Stored entries |
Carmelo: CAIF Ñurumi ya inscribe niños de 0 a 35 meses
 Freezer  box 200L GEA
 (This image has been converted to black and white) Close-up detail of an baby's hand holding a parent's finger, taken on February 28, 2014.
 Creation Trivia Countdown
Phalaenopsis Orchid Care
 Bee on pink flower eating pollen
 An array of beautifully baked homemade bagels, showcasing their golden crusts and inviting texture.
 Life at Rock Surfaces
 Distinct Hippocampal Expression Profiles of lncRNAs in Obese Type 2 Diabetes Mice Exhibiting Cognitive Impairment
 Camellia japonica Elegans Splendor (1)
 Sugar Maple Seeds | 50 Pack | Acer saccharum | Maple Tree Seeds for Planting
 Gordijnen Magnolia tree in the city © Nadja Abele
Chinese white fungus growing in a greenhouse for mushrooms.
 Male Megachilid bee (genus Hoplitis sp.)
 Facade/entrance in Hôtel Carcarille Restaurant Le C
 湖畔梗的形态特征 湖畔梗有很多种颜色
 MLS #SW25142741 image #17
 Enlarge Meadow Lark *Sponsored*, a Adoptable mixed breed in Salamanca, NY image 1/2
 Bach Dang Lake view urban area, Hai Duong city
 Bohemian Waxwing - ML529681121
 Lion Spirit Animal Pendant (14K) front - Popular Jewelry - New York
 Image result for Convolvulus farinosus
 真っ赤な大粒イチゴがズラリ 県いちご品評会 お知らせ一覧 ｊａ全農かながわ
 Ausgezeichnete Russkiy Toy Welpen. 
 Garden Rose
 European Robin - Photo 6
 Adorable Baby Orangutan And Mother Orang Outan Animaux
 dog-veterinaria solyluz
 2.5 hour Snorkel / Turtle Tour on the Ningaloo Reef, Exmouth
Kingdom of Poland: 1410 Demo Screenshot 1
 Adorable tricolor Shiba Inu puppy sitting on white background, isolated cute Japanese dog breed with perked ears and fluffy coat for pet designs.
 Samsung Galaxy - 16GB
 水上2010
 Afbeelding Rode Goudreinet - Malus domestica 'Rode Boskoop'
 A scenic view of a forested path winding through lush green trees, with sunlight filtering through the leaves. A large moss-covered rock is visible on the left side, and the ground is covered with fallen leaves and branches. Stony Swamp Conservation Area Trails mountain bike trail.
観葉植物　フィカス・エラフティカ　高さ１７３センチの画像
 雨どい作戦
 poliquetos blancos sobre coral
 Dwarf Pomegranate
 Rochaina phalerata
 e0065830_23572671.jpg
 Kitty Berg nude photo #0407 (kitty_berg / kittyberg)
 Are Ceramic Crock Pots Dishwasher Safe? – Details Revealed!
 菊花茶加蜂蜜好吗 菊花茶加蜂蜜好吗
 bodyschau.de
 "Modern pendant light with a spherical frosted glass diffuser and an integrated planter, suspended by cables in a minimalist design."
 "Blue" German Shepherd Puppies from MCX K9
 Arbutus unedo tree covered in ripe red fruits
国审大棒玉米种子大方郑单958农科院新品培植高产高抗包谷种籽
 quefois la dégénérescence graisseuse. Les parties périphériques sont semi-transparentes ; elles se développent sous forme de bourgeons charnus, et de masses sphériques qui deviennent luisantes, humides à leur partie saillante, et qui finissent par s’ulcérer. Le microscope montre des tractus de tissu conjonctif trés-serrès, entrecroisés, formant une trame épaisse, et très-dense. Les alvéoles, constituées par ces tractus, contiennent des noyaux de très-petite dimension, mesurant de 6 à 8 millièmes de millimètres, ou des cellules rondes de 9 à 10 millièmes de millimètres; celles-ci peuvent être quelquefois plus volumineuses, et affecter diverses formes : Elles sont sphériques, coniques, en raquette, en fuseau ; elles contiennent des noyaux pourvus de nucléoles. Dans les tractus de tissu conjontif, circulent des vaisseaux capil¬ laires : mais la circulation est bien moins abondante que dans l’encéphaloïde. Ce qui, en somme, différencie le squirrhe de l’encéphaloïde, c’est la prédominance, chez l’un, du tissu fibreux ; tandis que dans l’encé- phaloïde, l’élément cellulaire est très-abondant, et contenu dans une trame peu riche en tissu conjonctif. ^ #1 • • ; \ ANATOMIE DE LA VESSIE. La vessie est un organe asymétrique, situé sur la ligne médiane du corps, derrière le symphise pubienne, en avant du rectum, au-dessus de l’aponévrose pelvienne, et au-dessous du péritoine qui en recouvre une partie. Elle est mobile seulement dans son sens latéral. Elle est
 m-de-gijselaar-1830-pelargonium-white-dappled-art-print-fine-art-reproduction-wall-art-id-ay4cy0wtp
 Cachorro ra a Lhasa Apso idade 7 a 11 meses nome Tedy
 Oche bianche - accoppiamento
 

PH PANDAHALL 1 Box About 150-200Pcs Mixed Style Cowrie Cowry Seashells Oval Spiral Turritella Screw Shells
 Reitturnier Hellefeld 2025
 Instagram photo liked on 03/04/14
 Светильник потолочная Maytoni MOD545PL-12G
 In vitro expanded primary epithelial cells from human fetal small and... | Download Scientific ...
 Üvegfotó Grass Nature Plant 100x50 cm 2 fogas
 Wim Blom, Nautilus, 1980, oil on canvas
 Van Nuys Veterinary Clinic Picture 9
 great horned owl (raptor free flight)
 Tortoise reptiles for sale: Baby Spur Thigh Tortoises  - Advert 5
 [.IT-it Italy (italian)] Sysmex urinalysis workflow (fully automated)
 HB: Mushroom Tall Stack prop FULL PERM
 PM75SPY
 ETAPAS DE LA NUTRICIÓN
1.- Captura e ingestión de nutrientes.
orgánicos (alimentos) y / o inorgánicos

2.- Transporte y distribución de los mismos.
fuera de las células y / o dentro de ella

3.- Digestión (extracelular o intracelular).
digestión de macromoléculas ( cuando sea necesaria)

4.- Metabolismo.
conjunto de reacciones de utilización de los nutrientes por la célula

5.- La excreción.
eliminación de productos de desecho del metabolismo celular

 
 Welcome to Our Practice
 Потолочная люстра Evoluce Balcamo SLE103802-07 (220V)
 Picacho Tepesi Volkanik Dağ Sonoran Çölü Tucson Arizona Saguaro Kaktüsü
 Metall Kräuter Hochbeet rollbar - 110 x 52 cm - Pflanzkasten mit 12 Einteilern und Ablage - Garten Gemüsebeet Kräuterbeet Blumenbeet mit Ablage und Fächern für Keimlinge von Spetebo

Prompt |
Retype the data exactly.

Solution below |
Carmelo: CAIF Ñurumi ya inscribe niños de 0 a 35 meses
 Freezer  box 200L GEA
 (This image has been converted to black and white) Close-up detail of an baby's hand holding a parent's finger, taken on February 28, 2014.
 Creation Trivia Countdown
Phalaenopsis Orchid Care
 Bee on pink flower eating pollen
 An array of beautifully baked homemade bagels, showcasing their golden crusts and inviting texture.
 Life at Rock Surfaces
 Distinct Hippocampal Expression Profiles of lncRNAs in Obese Type 2 Diabetes Mice Exhibiting Cognitive Impairment
 Camellia japonica Elegans Splendor (1)
 Sugar Maple Seeds | 50 Pack | Acer saccharum | Maple Tree Seeds for Planting
 Gordijnen Magnolia tree in the city © Nadja Abele
Chinese white fungus growing in a greenhouse for mushrooms.
 Male Megachilid bee (genus Hoplitis sp.)
 Facade/entrance in Hôtel Carcarille Restaurant Le C
 湖畔梗的形态特征 湖畔梗有很多种颜色
 MLS #SW25142741 image #17
 Enlarge Meadow Lark *Sponsored*, a Adoptable mixed breed in Salamanca, NY image 1/2
 Bach Dang Lake view urban area, Hai Duong city
 Bohemian Waxwing - ML529681121
 Lion Spirit Animal Pendant (14K) front - Popular Jewelry - New York
 Image result for Convolvulus farinosus
 真っ赤な大粒イチゴがズラリ 県いちご品評会 お知らせ一覧 ｊａ全農かながわ
 Ausgezeichnete Russkiy Toy Welpen. 
 Garden Rose
 European Robin - Photo 6
 Adorable Baby Orangutan And Mother Orang Outan Animaux
 dog-veterinaria solyluz
 2.5 hour Snorkel / Turtle Tour on the Ningaloo Reef, Exmouth
Kingdom of Poland: 1410 Demo Screenshot 1
 Adorable tricolor Shiba Inu puppy sitting on white background, isolated cute Japanese dog breed with perked ears and fluffy coat for pet designs.
 Samsung Galaxy - 16GB
 水上2010
 Afbeelding Rode Goudreinet - Malus domestica 'Rode Boskoop'
 A scenic view of a forested path winding through lush green trees, with sunlight filtering through the leaves. A large moss-covered rock is visible on the left side, and the ground is covered with fallen leaves and branches. Stony Swamp Conservation Area Trails mountain bike trail.
観葉植物　フィカス・エラフティカ　高さ１７３センチの画像
 雨どい作戦
 poliquetos blancos sobre coral
 Dwarf Pomegranate
 Rochaina phalerata
 e0065830_23572671.jpg
 Kitty Berg nude photo #0407 (kitty_berg / kittyberg)
 Are Ceramic Crock Pots Dishwasher Safe? – Details Revealed!
 菊花茶加蜂蜜好吗 菊花茶加蜂蜜好吗
 bodyschau.de
 "Modern pendant light with a spherical frosted glass diffuser and an integrated planter, suspended by cables in a minimalist design."
 "Blue" German Shepherd Puppies from MCX K9
 Arbutus unedo tree covered in ripe red fruits
国审大棒玉米种子大方郑单958农科院新品培植高产高抗包谷种籽
 quefois la dégénérescence graisseuse. Les parties périphériques sont semi-transparentes ; elles se développent sous forme de bourgeons charnus, et de masses sphériques qui deviennent luisantes, humides à leur partie saillante, et qui finissent par s’ulcérer. Le microscope montre des tractus de tissu conjonctif trés-serrès, entrecroisés, formant une trame épaisse, et très-dense. Les alvéoles, constituées par ces tractus, contiennent des noyaux de très-petite dimension, mesurant de 6 à 8 millièmes de millimètres, ou des cellules rondes de 9 à 10 millièmes de millimètres; celles-ci peuvent être quelquefois plus volumineuses, et affecter diverses formes : Elles sont sphériques, coniques, en raquette, en fuseau ; elles contiennent des noyaux pourvus de nucléoles. Dans les tractus de tissu conjontif, circulent des vaisseaux capil¬ laires : mais la circulation est bien moins abondante que dans l’encéphaloïde. Ce qui, en somme, différencie le squirrhe de l’encéphaloïde, c’est la prédominance, chez l’un, du tissu fibreux ; tandis que dans l’encé- phaloïde, l’élément cellulaire est très-abondant, et contenu dans une trame peu riche en tissu conjonctif. ^ #1 • • ; \ ANATOMIE DE LA VESSIE. La vessie est un organe asymétrique, situé sur la ligne médiane du corps, derrière le symphise pubienne, en avant du rectum, au-dessus de l’aponévrose pelvienne, et au-dessous du péritoine qui en recouvre une partie. Elle est mobile seulement dans son sens latéral. Elle est
 m-de-gijselaar-1830-pelargonium-white-dappled-art-print-fine-art-reproduction-wall-art-id-ay4cy0wtp
 Cachorro ra a Lhasa Apso idade 7 a 11 meses nome Tedy
 Oche bianche - accoppiamento
 

PH PANDAHALL 1 Box About 150-200Pcs Mixed Style Cowrie Cowry Seashells Oval Spiral Turritella Screw Shells
 Reitturnier Hellefeld 2025
 Instagram photo liked on 03/04/14
 Светильник потолочная Maytoni MOD545PL-12G
 In vitro expanded primary epithelial cells from human fetal small and... | Download Scientific ...
 Üvegfotó Grass Nature Plant 100x50 cm 2 fogas
 Wim Blom, Nautilus, 1980, oil on canvas
 Van Nuys Veterinary Clinic Picture 9
 great horned owl (raptor free flight)
 Tortoise reptiles for sale: Baby Spur Thigh Tortoises  - Advert 5
 [.IT-it Italy (italian)] Sysmex urinalysis workflow (fully automated)
 HB: Mushroom Tall Stack prop FULL PERM
 PM75SPY
 ETAPAS DE LA NUTRICIÓN
1.- Captura e ingestión de nutrientes.
orgánicos (alimentos) y / o inorgánicos

2.- Transporte y distribución de los mismos.
fuera de las células y / o dentro de ella

3.- Digestión (extracelular o intracelular).
digestión de macromoléculas ( cuando sea necesaria)

4.- Metabolismo.
conjunto de reacciones de utilización de los nutrientes por la célula

5.- La excreción.
eliminación de productos de desecho del metabolismo celular

 
 Welcome to Our Practice
 Потолочная люстра Evoluce Balcamo SLE103802-07 (220V)
 Picacho Tepesi Volkanik Dağ Sonoran Çölü Tucson Arizona Saguaro Kaktüsü
 Metall Kräuter Hochbeet rollbar - 110 x 52 cm - Pflanzkasten mit 12 Einteilern und Ablage - Garten Gemüsebeet Kräuterbeet Blumenbeet mit Ablage und Fächern für Keimlinge von Spetebo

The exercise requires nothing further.